- PROBLEM TO WORK ON
Range to reproduce from the entries below: the line with "Bookworm Mouse Door", the line with "Custom Ecuador Football", and every line in between. Give them exactly and give nothing else.

- - - - - - -

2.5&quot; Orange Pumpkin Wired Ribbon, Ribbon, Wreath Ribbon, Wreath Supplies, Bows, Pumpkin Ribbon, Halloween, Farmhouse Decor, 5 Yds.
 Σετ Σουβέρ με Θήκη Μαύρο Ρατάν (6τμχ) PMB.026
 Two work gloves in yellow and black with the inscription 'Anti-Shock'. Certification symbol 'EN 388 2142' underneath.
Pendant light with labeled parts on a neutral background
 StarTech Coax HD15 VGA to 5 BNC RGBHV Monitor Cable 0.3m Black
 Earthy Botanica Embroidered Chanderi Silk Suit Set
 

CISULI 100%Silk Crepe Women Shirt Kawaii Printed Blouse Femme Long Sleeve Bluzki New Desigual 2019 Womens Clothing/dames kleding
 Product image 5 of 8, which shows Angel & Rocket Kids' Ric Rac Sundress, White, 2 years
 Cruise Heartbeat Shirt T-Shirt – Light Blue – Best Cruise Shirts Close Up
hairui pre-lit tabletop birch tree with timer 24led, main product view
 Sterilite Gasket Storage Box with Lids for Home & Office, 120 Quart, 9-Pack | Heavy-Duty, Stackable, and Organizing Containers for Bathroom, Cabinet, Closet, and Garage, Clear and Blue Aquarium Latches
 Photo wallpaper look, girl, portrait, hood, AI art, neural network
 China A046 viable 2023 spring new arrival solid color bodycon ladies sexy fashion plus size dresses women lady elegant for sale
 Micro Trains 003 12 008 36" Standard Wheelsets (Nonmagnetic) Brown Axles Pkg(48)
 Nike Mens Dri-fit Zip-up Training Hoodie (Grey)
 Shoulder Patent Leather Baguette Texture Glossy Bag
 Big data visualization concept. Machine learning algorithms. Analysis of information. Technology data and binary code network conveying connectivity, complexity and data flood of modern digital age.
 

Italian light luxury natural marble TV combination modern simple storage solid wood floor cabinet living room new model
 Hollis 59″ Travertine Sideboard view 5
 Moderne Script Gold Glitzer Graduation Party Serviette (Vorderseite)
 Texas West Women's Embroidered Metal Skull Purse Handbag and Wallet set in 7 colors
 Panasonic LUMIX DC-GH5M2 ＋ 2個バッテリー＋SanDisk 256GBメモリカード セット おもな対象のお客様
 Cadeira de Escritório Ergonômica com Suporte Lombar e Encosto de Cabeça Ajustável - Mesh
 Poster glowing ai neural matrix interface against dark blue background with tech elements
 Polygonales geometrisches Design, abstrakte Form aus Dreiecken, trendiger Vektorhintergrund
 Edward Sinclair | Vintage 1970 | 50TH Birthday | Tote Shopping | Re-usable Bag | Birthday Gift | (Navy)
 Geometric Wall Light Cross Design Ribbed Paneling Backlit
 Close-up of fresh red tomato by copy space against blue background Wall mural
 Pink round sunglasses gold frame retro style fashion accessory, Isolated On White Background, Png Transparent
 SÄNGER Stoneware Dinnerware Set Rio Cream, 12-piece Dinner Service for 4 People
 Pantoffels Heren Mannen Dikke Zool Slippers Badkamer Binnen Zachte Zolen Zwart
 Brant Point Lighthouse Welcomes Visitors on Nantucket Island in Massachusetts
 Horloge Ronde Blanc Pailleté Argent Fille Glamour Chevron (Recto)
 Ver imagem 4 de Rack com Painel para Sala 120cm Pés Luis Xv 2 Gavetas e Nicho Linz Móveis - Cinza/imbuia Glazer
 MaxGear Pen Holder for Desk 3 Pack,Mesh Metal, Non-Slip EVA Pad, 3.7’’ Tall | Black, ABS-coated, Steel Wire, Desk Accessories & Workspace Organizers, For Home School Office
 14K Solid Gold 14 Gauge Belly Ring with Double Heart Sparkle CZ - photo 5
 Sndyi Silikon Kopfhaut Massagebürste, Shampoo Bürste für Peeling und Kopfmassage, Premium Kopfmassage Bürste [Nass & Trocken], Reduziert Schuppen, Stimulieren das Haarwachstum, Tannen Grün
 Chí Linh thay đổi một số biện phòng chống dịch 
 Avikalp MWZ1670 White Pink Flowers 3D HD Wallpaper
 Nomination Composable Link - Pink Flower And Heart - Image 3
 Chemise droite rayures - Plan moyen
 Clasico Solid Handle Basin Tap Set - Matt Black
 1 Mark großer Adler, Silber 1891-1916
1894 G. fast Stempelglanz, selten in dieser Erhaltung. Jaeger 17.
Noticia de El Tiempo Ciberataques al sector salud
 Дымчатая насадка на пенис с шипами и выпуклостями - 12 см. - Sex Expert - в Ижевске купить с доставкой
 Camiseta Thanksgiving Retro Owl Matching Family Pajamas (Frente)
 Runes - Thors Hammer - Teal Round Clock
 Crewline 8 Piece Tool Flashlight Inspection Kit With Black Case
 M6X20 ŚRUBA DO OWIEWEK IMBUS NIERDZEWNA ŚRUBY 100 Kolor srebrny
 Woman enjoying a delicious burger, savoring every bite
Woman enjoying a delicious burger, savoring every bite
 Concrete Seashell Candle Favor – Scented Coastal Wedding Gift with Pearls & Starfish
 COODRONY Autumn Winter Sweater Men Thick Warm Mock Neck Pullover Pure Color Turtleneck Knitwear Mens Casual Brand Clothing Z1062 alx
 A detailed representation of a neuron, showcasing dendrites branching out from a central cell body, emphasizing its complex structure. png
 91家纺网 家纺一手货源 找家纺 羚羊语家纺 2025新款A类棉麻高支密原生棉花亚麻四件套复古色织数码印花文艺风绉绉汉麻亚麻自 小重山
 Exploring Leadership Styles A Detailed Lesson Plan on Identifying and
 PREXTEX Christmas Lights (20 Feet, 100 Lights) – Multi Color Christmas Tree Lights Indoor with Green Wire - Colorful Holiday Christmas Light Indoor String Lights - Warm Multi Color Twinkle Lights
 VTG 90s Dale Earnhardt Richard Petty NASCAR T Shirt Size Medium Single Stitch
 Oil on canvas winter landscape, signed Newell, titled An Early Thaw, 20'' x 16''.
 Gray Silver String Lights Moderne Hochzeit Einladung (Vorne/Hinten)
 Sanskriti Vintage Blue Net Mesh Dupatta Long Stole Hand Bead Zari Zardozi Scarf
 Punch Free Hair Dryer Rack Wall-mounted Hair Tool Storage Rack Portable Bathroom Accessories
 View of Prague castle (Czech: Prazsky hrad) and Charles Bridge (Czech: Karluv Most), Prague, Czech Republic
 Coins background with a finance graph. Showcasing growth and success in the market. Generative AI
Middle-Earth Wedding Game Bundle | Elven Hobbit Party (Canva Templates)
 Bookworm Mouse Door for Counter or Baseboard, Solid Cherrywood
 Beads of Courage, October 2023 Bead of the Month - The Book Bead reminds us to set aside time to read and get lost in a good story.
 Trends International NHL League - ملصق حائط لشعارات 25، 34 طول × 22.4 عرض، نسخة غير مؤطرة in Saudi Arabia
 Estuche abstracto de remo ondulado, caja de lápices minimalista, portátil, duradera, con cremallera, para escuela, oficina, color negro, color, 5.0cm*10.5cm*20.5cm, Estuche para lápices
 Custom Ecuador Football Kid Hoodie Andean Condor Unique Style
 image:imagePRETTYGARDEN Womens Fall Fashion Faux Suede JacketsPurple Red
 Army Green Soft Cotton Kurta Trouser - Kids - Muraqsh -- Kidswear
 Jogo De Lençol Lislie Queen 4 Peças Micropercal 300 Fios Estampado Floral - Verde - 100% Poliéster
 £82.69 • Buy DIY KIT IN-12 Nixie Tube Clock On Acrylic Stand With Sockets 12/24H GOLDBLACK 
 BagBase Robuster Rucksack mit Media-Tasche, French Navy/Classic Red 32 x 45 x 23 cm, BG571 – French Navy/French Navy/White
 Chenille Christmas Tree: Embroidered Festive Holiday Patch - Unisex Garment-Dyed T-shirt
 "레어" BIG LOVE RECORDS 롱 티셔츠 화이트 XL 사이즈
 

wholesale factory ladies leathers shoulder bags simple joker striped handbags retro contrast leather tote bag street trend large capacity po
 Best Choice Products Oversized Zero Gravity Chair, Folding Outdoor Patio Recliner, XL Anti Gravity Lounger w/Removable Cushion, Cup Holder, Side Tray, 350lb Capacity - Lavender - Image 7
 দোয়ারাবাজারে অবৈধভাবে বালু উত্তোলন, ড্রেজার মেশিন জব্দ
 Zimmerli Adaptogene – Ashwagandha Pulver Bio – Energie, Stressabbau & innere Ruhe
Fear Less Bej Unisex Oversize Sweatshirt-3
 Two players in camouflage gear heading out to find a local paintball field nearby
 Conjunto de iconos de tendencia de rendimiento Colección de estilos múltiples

- - - - - - -

- RESPONSE
 Bookworm Mouse Door for Counter or Baseboard, Solid Cherrywood
 Beads of Courage, October 2023 Bead of the Month - The Book Bead reminds us to set aside time to read and get lost in a good story.
 Trends International NHL League - ملصق حائط لشعارات 25، 34 طول × 22.4 عرض، نسخة غير مؤطرة in Saudi Arabia
 Estuche abstracto de remo ondulado, caja de lápices minimalista, portátil, duradera, con cremallera, para escuela, oficina, color negro, color, 5.0cm*10.5cm*20.5cm, Estuche para lápices
 Custom Ecuador Football Kid Hoodie Andean Condor Unique Style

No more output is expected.